## [INSTRUCTIONS FOR THE TASK]
In the data below, one line contains "PRADA Exotic Genuine" and a later one contains "湖北省-咸宁市-近水楼台-111.01-户型库-采光通风". Print both, with every line between them, exactly and alone.

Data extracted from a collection
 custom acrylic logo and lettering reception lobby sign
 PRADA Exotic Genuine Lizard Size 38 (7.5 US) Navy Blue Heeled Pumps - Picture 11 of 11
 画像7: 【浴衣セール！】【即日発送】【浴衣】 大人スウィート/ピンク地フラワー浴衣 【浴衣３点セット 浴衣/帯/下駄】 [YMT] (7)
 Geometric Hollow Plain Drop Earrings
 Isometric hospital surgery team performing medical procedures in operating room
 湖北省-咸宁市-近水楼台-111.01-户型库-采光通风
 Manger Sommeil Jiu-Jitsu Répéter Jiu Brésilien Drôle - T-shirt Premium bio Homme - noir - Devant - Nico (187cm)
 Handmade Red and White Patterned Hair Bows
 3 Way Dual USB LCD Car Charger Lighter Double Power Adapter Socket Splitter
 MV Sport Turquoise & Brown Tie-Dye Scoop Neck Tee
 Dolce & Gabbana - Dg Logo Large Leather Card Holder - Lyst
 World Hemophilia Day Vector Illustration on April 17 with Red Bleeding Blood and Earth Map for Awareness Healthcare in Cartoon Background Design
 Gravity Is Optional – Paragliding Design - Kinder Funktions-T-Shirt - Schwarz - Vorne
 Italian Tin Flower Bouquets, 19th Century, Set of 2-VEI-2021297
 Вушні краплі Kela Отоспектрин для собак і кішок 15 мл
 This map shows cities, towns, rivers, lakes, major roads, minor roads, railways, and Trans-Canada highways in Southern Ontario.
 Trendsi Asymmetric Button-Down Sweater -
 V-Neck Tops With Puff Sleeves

## [RESULT FOR THIS EXERCISE]
 PRADA Exotic Genuine Lizard Size 38 (7.5 US) Navy Blue Heeled Pumps - Picture 11 of 11
 画像7: 【浴衣セール！】【即日発送】【浴衣】 大人スウィート/ピンク地フラワー浴衣 【浴衣３点セット 浴衣/帯/下駄】 [YMT] (7)
 Geometric Hollow Plain Drop Earrings
 Isometric hospital surgery team performing medical procedures in operating room
 湖北省-咸宁市-近水楼台-111.01-户型库-采光通风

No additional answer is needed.